This is a snakemake pipeline for downloading and processing the 1000 Genomes Project (1kGP) Phase 3 data sets for use in genomic analyses. Ideally, you would integrate this into another workflow with the use of snakemake's module statement, although you can use it in its own right, too. The workflow contains rules which will:

  • download the raw sequence data in vcf.gz format and verify their checksums
  • filter samples by ancestry
  • remove related samples
  • filter variants to retain SNPs only
  • filter variants by MAF
  • filter variants by QC parameters: genotype missingness, sample missingness, HWE test statistic
  • filter variants to remove AT/GC SNPs
  • prune variants by LD
  • remove the MHC
  • add the centimorgan field to plink-style bfiles (currently only for hg38) for the calculation of LD scores

Of course, there's much more you can do with these data and plink, but I intend this workflow to be a 'stub' of sorts which can be extended in the downstream direction with additional rules after import as a module. Hopefully these rules suffice to get you started.

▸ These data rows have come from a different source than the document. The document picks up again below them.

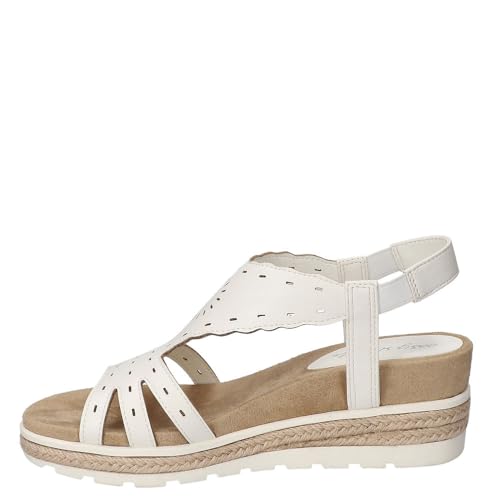 Easy Street Women's Fran Wedge Sandal4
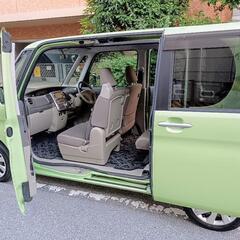 Ｈ２５年  タントＸ  左パワースライド　車検９年６月の画像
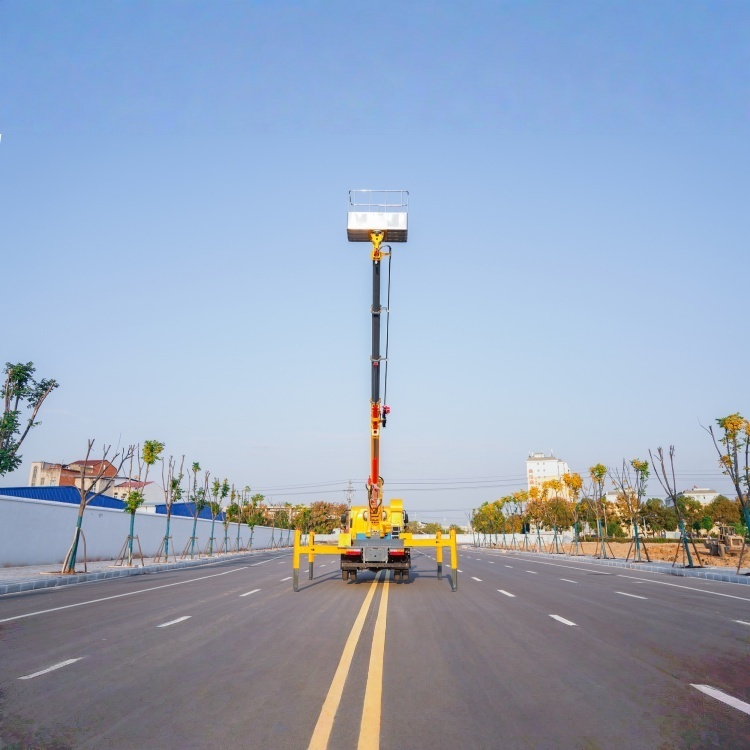 Dayun Brand Straight Arm Aerial Work Platform Truck (AWP Truck)
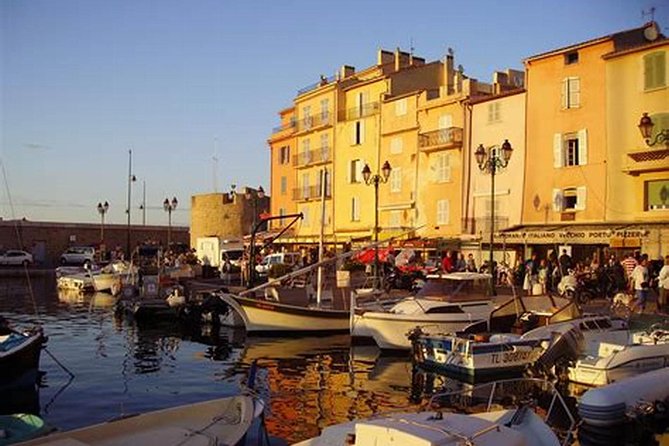 Visit Saint Tropez from Nice - Port Grimaud, the first taste of the Gulf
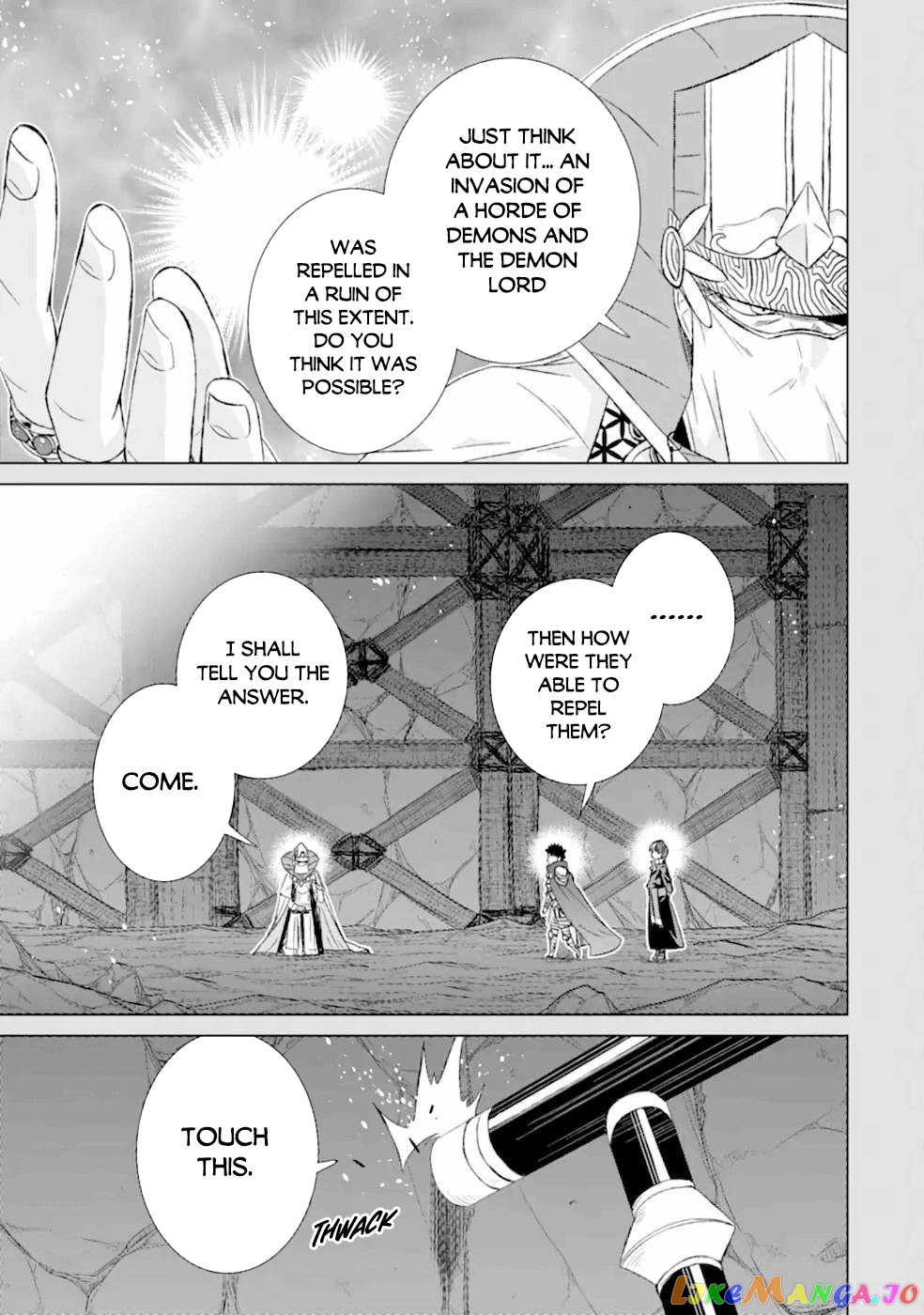 Isekai De Tadahitori No Mamono Tsukai ~ Tenshoku Shitara Maou Ni Machigawa Remashita chapter 30 - page 38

If you're use the pipeline for the first time, I recommend testing it with chromosome 22 (chr22) which, as the smallest chromosome, should allow a quick test run.

The assembly wildcard allows you to specify either the hg19 or hg38 reference genome. You should prefer the latter where possible as the hg38 data were generated through high-coverage resequencing of the 1kGP samples, and the hg38 is itself a more accurate assembly and seven years old at this point; hg19 is ancient, stop using it if you can! Check out workflow/rules/wildcard_constraints.smk for other wildcards, many of which can only take a restricted set of values (like an enum) or must match a regular expression.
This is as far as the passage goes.